# Fort Myers Woodcraft Store Closed



## Super Dave (Apr 16, 2011)

Yesterday was a sad day in Fort Myers FL. After 3 years our local Woodcraft store closed. I went in Thursday and the owner Scott gave me the bad news. Although most things can be purchased from catalogs and on-line venders, it was always nice to visit the store, see the employees, and see what you are buying before you get it. 

If we don't support our local stores, they will go away. The Fort Myers Woodcraft was a great asset to the woodworkers of Southwest Florida, and will be missed. Scott, Rich, and all the employees were always a pleasure to deal with,very helpful, and will be missed.

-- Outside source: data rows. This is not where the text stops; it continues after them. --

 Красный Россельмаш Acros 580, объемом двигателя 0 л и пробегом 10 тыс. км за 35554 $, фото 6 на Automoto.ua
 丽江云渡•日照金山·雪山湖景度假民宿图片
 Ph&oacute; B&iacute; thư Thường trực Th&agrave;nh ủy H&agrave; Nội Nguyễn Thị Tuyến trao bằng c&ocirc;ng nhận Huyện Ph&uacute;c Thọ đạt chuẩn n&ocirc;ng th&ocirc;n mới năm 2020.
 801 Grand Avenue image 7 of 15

I thank Scott, for all of his efforts, and wish him and his staff good luck in their future endeavors.

Dave Sutton


----------



## mredburn (Apr 16, 2011)

I went up Friday, I had heard it was going to close and I wanted to stop in and say good bye.  I tried to support them as much as  I could but it was a 22 mile one way trip for me. Most of the time shipping was cheaper than driveing up to the store. Still they will be missed and Im sorry they didnt make it. 

Mike


----------



## pensbydesign (Apr 16, 2011)

22 miles? is that really that far in today's world.


----------



## leestoresund (Apr 16, 2011)

+1
And Rockler is about 18 miles away and  Highland Woodworking is about 30 miles away. Although I do try to plan my trips with other destinations close by.
For me 20 miles is my normal commute.

Lee


----------



## manatee (Apr 16, 2011)

Our Sarasota store closed a couple of years ago after only being opened a short time. I guess the nearest store now is Clearwater.


----------



## Padre (Apr 16, 2011)

It's hard to compete with online sales.  People are getting much more savvy when it comes to making online purchases.  With stores that specialize in one market, in this instance wood working, it is harder and harder to make it unless they diversify.  Hence the 'big box' stores.

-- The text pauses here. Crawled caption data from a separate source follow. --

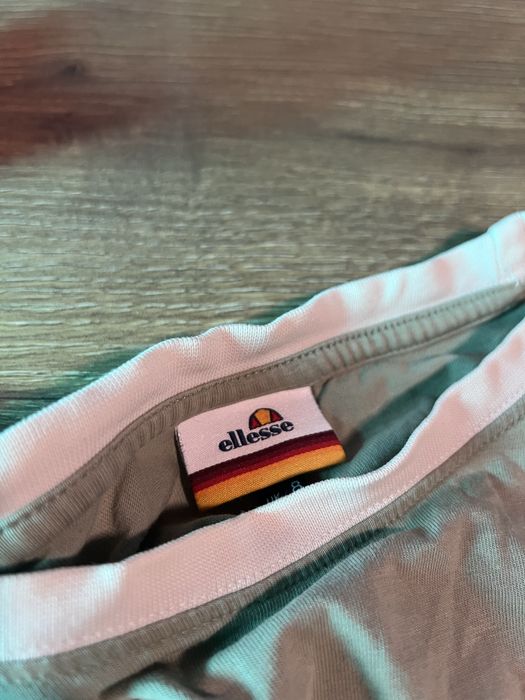 Продам топ ellesse
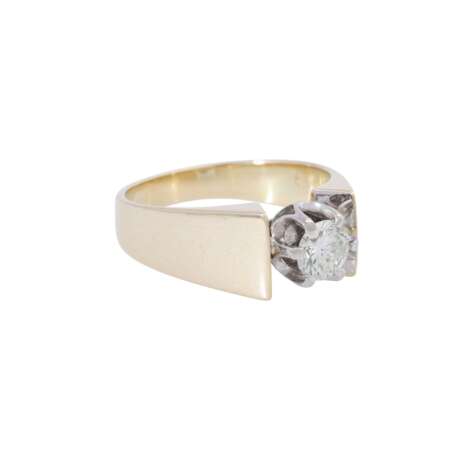 Ring with diamond ca. 0,7 ct, - photo 1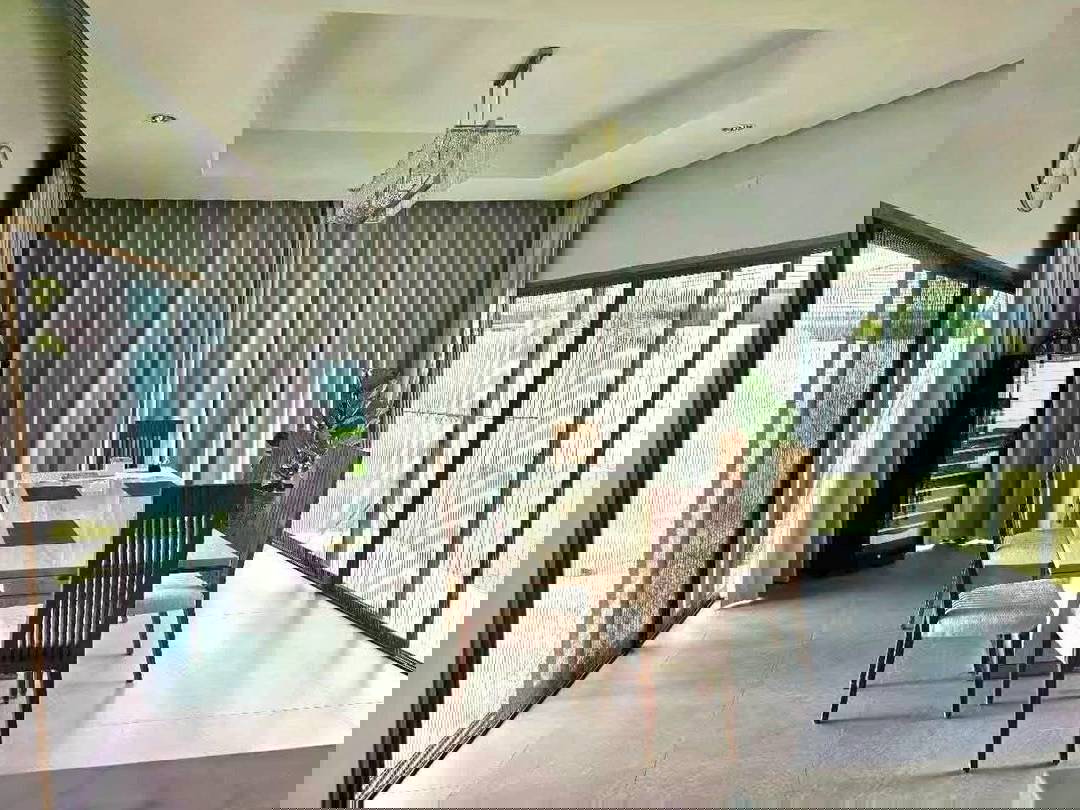 รูป วิลล่าหรูพร้อมสระว่ายน้ำส่วนตัวให้เช่าในพัทยา – 4 ห้องนอน | สระว่ายน้ำส่วนตัว | บ้านพัทยา 6 - รูปที่ 3/10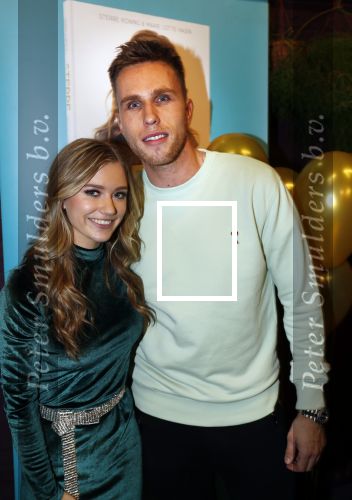 Utrecht 21 oktober 2019
Boekpresentatie Sterre Koning bij de ping pong club. Romy Monteiro krijgt het eerste boek. Nicky Romero
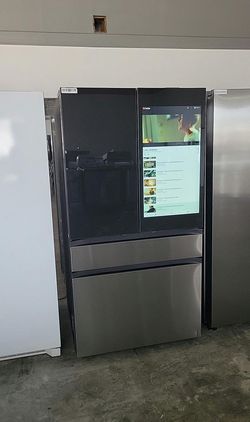 Samsung 4‑Door French Door Fridge w/ Family Hub – Stainless, Beverage Center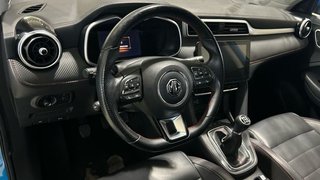 MG ZS 1.5 LUXURY 106 5P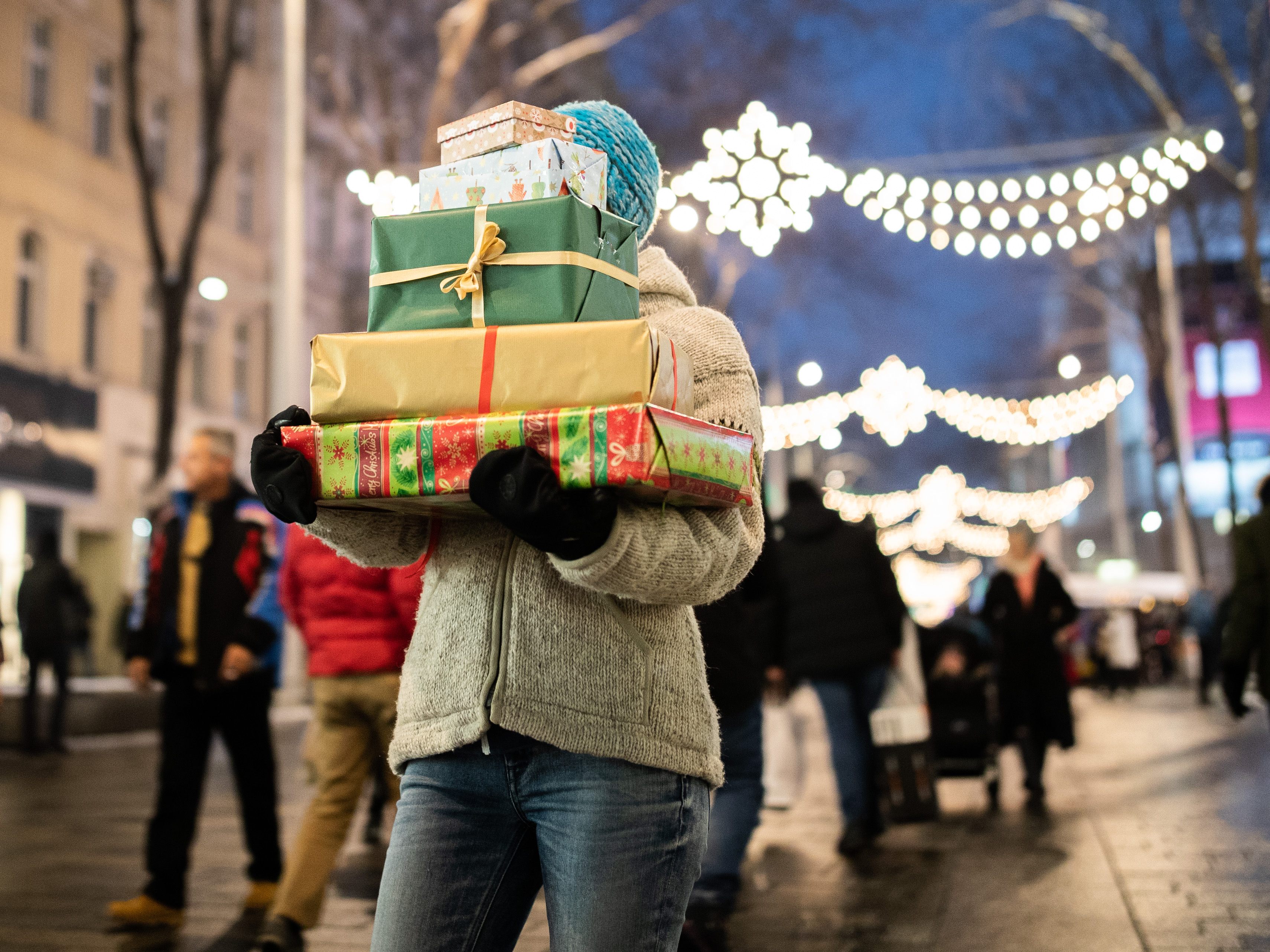 Noch will keine Weihnachtsstimmung im Handel aufkommen. Noch will keine Weihnachtsstimmung im Handel aufkommen.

I have a Woodcraft about 3 miles from my house and I support it as much as I can.  On the other hand, I am on a fixed income and will buy an item as the lowest possible price.  I always give them a chance to 'price match,' but sometimes they can't.


----------



## TellicoTurning (Apr 16, 2011)

Always sorry to hear one of "our" stores has closed... I like to pop into the local Woodcraft every time I'm in the neighborhood, which is becoming less and less here lately... it's still an hours drive - almost 50 miles for me to "pop" into either of the ones close to me... one in Knoxville and one in Chattanooga...


----------



## witz1976 (Apr 16, 2011)

pensbydesign said:


> 22 miles? is that really that far in today's world.




My thoughts exactly, it is 194 miles one way to the closest Woodcraft and 164 miles to the closest Rockler  sheesh I drive close to 20 miles just to get to work:tongue::biggrin:


----------



## LeeR (Apr 16, 2011)

I frequent our Woodcraft often. I bought my lathe and bandsaw from them, and numerous accessories. And when it comes to buying wood, I am not going to mail order lumber without seeing it in person. Pen blanks is another issue, I've bought from sellers here with no reservations.

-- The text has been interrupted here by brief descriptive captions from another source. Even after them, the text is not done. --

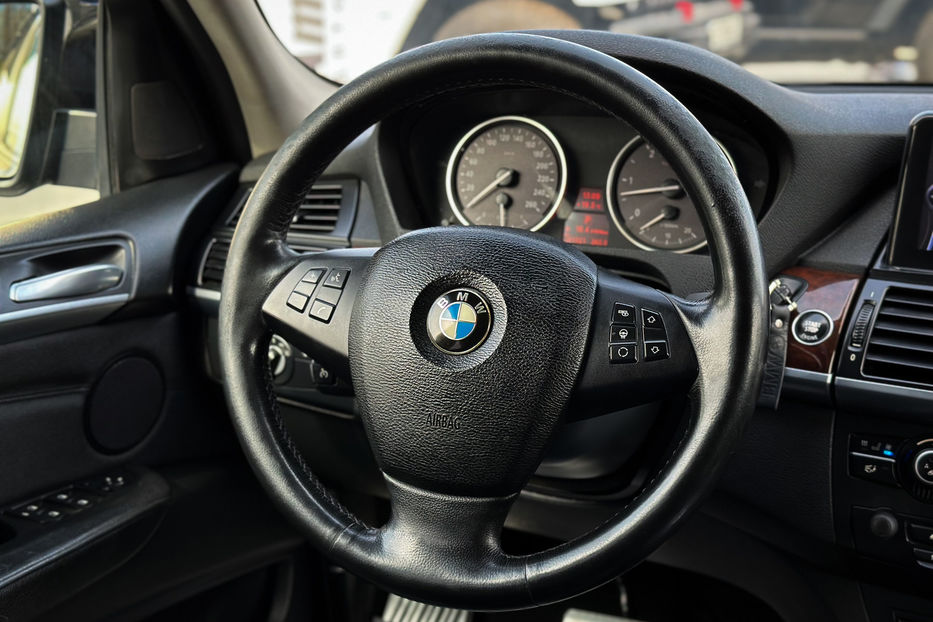 Продам BMW X5 xDrive 35d 2010 года в Черновцах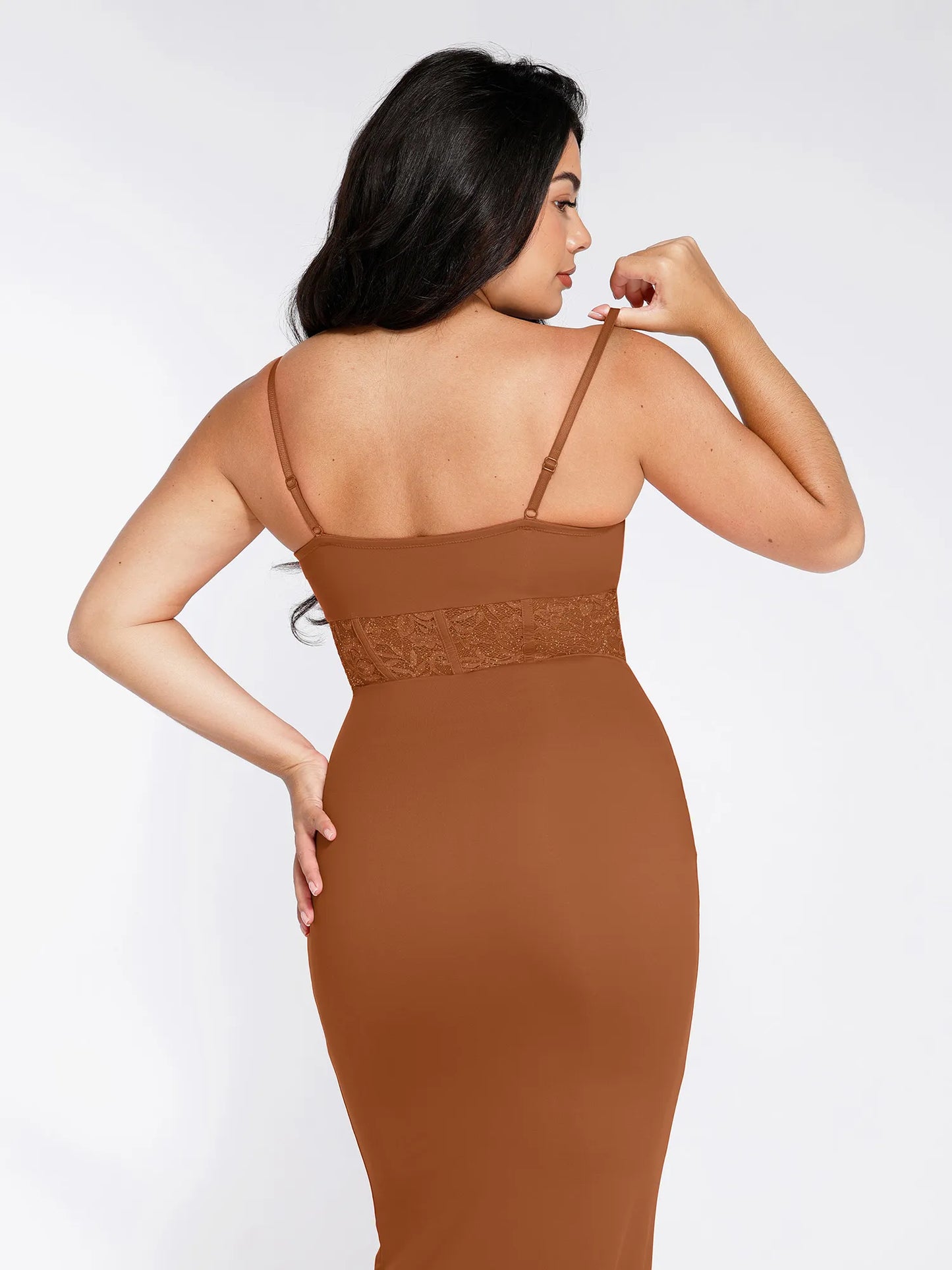 LYNE – Shapewear Maxi Jurk met Kant & Mermaid Pasvorm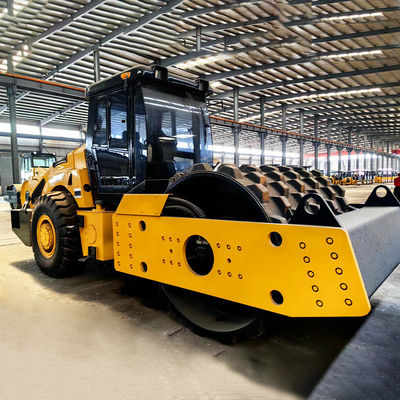 20 ton Mini Wheel Road Roller met 500N/cm statische lijnbelasting Trillingsfrequentie 28/35Hz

Our Woodcraft (northern Colorado), and the store in Denver, are for sale. Probably not a good indicator of either store's financial heath.


----------



## Dalecamino (Apr 16, 2011)

This was a disappointment. The store was a great place for our local chapter meetings. At least we had ONE. I wish the best for Scott, Rich, Cindy Lee and, all the others.


----------



## BKelley (Apr 16, 2011)

Sorry to hear of the store closing in Ft. Myers. I just returned from Woodcraft in Alpharetta Georgia, a 30 mile round trip.  I am pretty much a regular there.  Yes I could buy online, and some times do.  If at all possibe I buy from my local stores.  I believe in keeping the money in my local area.
What little money is lost in gas is gained with a friendly hello, coffee and dough nuts and letting me browse until my hearts content (and my tongue hanging out).
I'm all for keeping the local economy strong.  

Ben


----------



## mredburn (Apr 16, 2011)

21 miles each way is 2 gallons of gas, that $7.75 to drive there and back I can have it shipped in for less from most places I buy. Unfortunatly I also had very little I have needed from Woodcraft. I have bought less than 10 kits from them since they have been open. If you havent noticed I dont use kits. I drove up once for something they had in the flier on sale and they didnt have one. THey didnt carry it because it cost a lot if they didnt sell it. Since I wanted it for a christmas present ordering it and waiting was a no go. I dont travel much these days if I dont have to and ther was nothing in the surrounding area that I needed to combine the trips.  Anyway its still a shame that this came about. Yes they were always freindly and great to deal with. Im not sure they had donuts and coffee.
Mike


----------



## bluwolf (Apr 16, 2011)

I don't know about the other stores but the Ft. Myers store had a sign in the window that said "Pets Allowed". I always took my pony of a dog in there with me. He'd lie around anywhere he felt like it and nobody ever said a word. 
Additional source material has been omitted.